Now for what doesn’t work. At all. P.J. is excited because her college newspaper editor, Lissa, is visiting from New York City. P.J. obviously looks up to her, but when she arrives, she does so with three friends in tow and they so clearly are meant to represent the four women on Sex and the City that it’s insulting. When the bus splashes Not!Carrie! just like in SATC's credits, I want to cry. P.J. tries to act like nothing has changed, but at brunch Not!Charlotte! uses the word “champers,” Not!Miranda! is rude to the waiter, and Not!Samantha! makes so many double entendres that P.J. almost commits seppuku right there at the table. I know the writers were probably trying to do a “we are not a Sex and the City retread, look at what Sex and the City really was” thing here, but it is completely unsuccessful on almost every level. The first problem is it’s not funny. The second problem is it’s not clever. The third problem is it made me think about the fact that I watched every episode of Sex and the City even though I sort of hated it most of the time. Why did I do that?


Peppered throughout is an amusing gag about Andy’s new suburban neighbor “Fritzy,” who is so overly friendly that Andy resorts to driving his car down the driveway to get the paper in order to avoid seeing him. The best part is how Fritzy keeps pawning zucchini and zucchini-related foods off on Andy, including some sort of zucchini spread that Andy threw out of his car window onto the highway because it smelled like “hot pond.” This is so hilariously on point because everyone with a garden knows that if you grow zucchini in your yard, you will be eating zucchini every day for the entire summer. That is one bountiful vegetable. It also nicely sets up dynamics for next week’s episode where the gang goes to the suburbs for a get-together at Andy’s house.


Until then, my friends.

4 comments:

Bianca Reagan said...

The picture is lovely.

I liked the "and the City" part of this episode. The "Samantha" one made me giggle.

I wasn't so into Shecky, er, Fitzy. But I do enjoy grammar humor like Andy does.

I loved at the end when Bobby and Mike hugged each other just because, and held on for a long time. So cute.

Sarah said...

I thought the episode was the best one so far. I agree that the whole Sex and the City got a little annoying.

I got a little excited when I saw Ryan too! Mmm mmm mmm! Since watching the episode I catch myself saying douchebag a lot more than usual.

Anonymous said...

About half the reason I watch this show is because PJ went to Northwestern, so I got all excited for an Evanston location shoot only to be let down. (Do they film any of this show in Chicago?) That bookstore PJ kept referring to? Not a real place, at least not when I was there. And I kind of resented the suggestion that anyone with the intelligence and savvy to become editor of the Daily Northwestern could turn into PJ's pathetic friend.

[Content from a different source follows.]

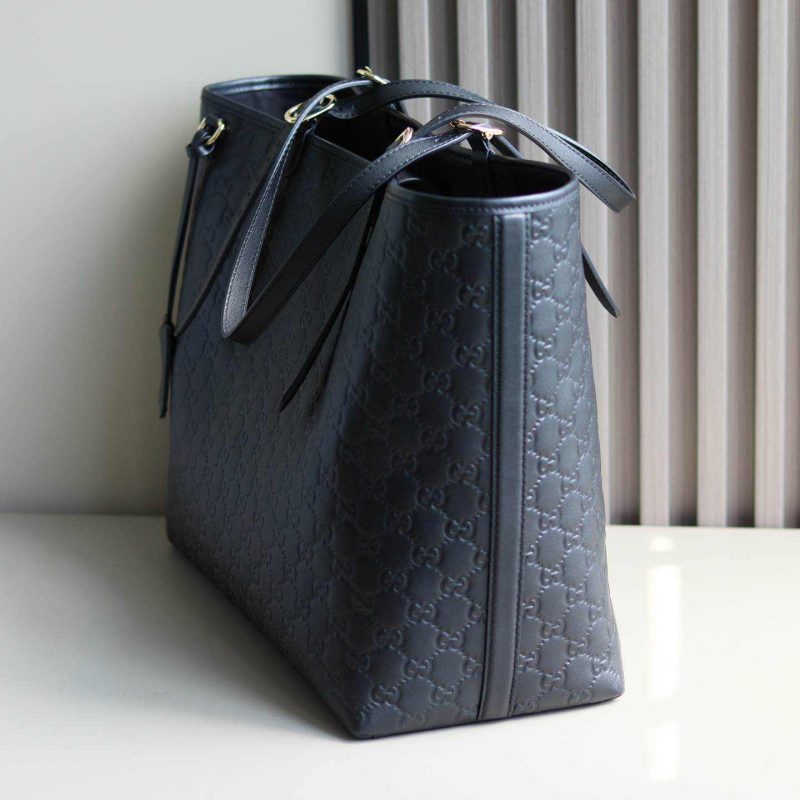 GG Emblem large tote bag - Image 3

The Sex and the City parody was made even weirder by the fact that TBS aired a rerun of the show immediately after My Boys.

I did like the other stuff, though. I probably laughed hardest at the intervention, when Andy walked in and said "Kenny, when you act like you're on The Sopranos..."

Carrie said...

Anonymous, they actually film the show on the Paramount lot in Hollywood. I work on that lot and see their golf carts tooling around sometimes. Unfortunately, I've never had an actor sighting.

The best part about that Sopranos line was that it made no sense. When does Kenny do that? I wonder if that was an improv from Gaffigan.